DATA EXTRACT:
- Opening Delimiter -

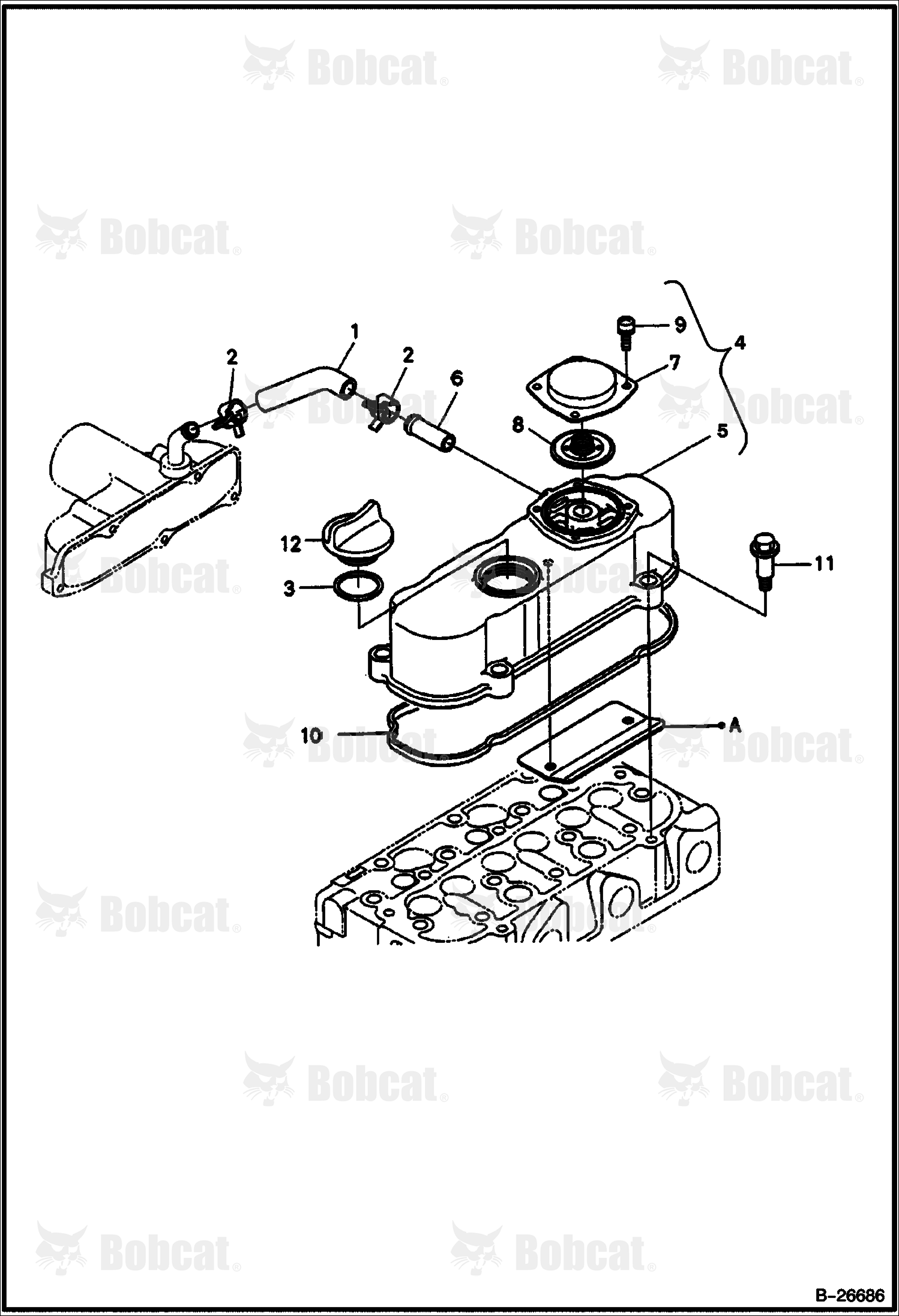 Gasketgasket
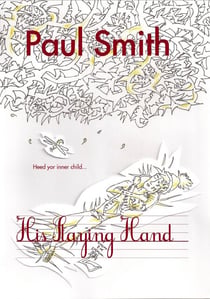 His Staying Hand (Star Plague Journals Book 2) - The Star Plague Journals, #2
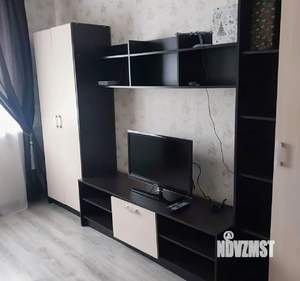 1-к квартира, на длительный срок, 38м2, 1/8 этаж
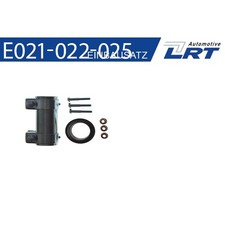 Montagesatz Katalysator für VW Golf III 1H1 1.8 1.6 19E 1G1 1.3 Cat 1E7 Seat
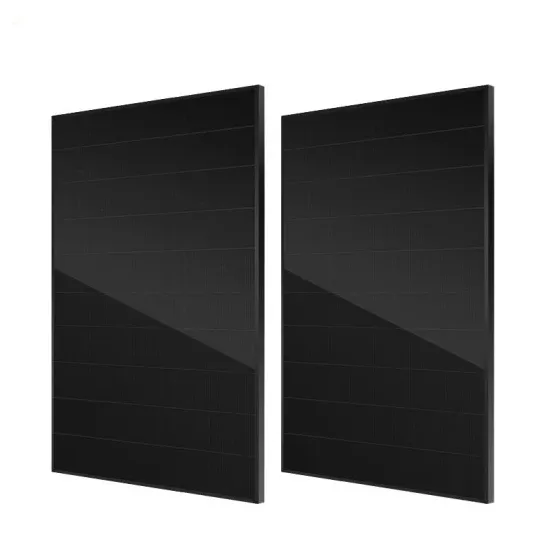 New generation solar panel manufacturers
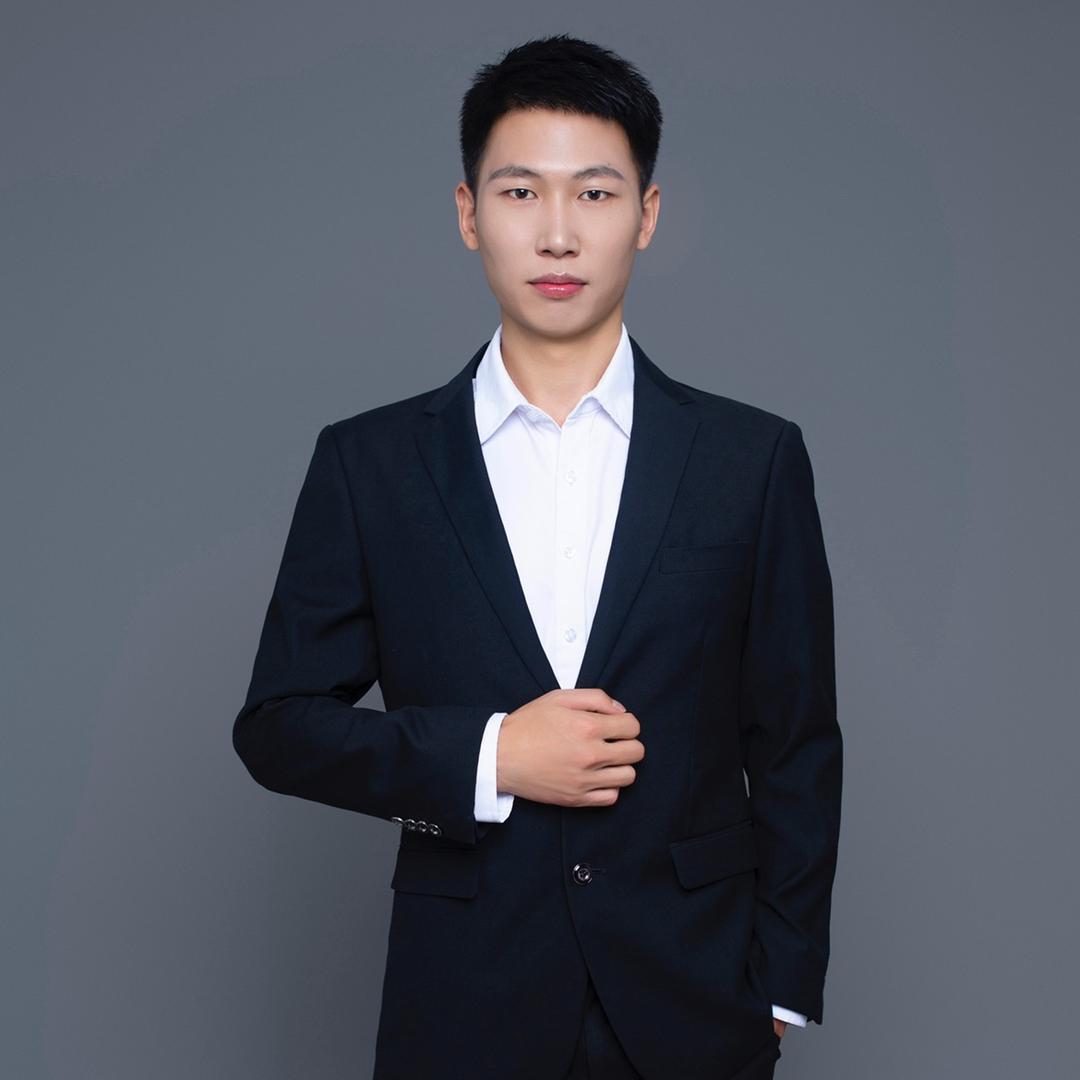 闷声发大渔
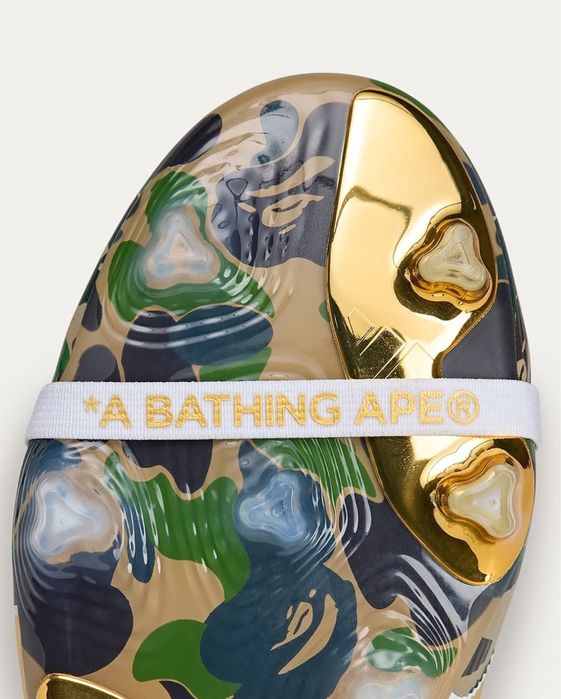 Бутсы Pradator Adidas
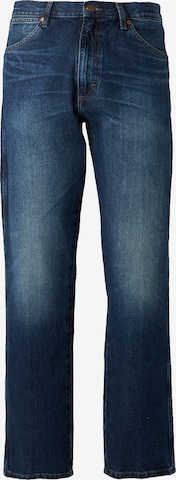 WRANGLER Джинсы '13MWZ' в Синий: спереди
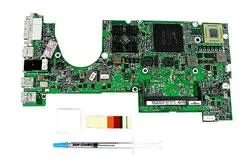 Logic Board PowerBook G4 15-inch 1.5 GHz M9676LL 820-1679-A A1106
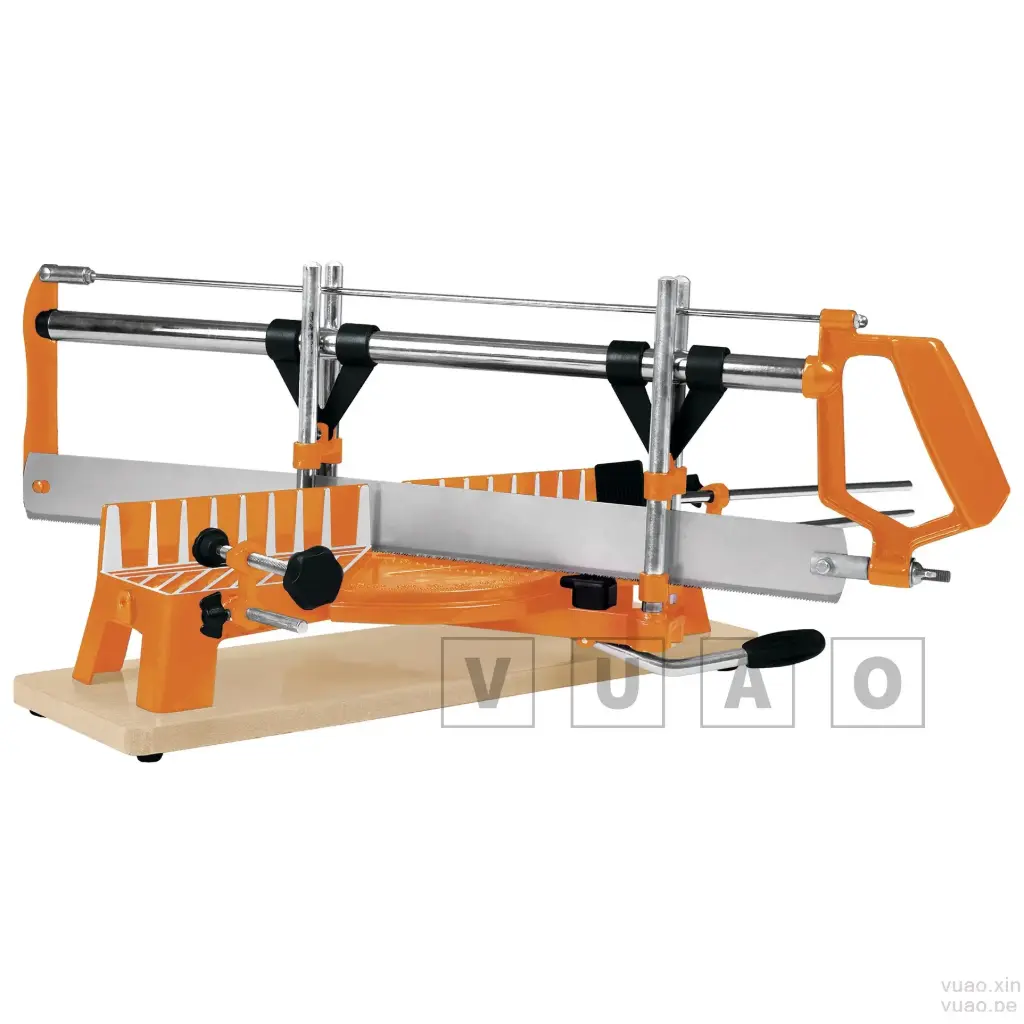 Guía de inglete 22" CA-IN-22, Truper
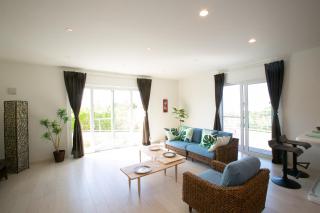 Irie House -SEVEN Hotels and Resorts- - Onna - 4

- Closing Delimiter -

THE PROBLEM: A word-for-word copy is needed of the lines from the line with "Бутсы Pradator Adidas" through the last line of the entries above, with both ends kept and the pictures dropped.

YOUR RESPONSE:
 Бутсы Pradator Adidas
 WRANGLER Джинсы '13MWZ' в Синий: спереди
 Logic Board PowerBook G4 15-inch 1.5 GHz M9676LL 820-1679-A A1106
 Guía de inglete 22" CA-IN-22, Truper
 Irie House -SEVEN Hotels and Resorts- - Onna - 4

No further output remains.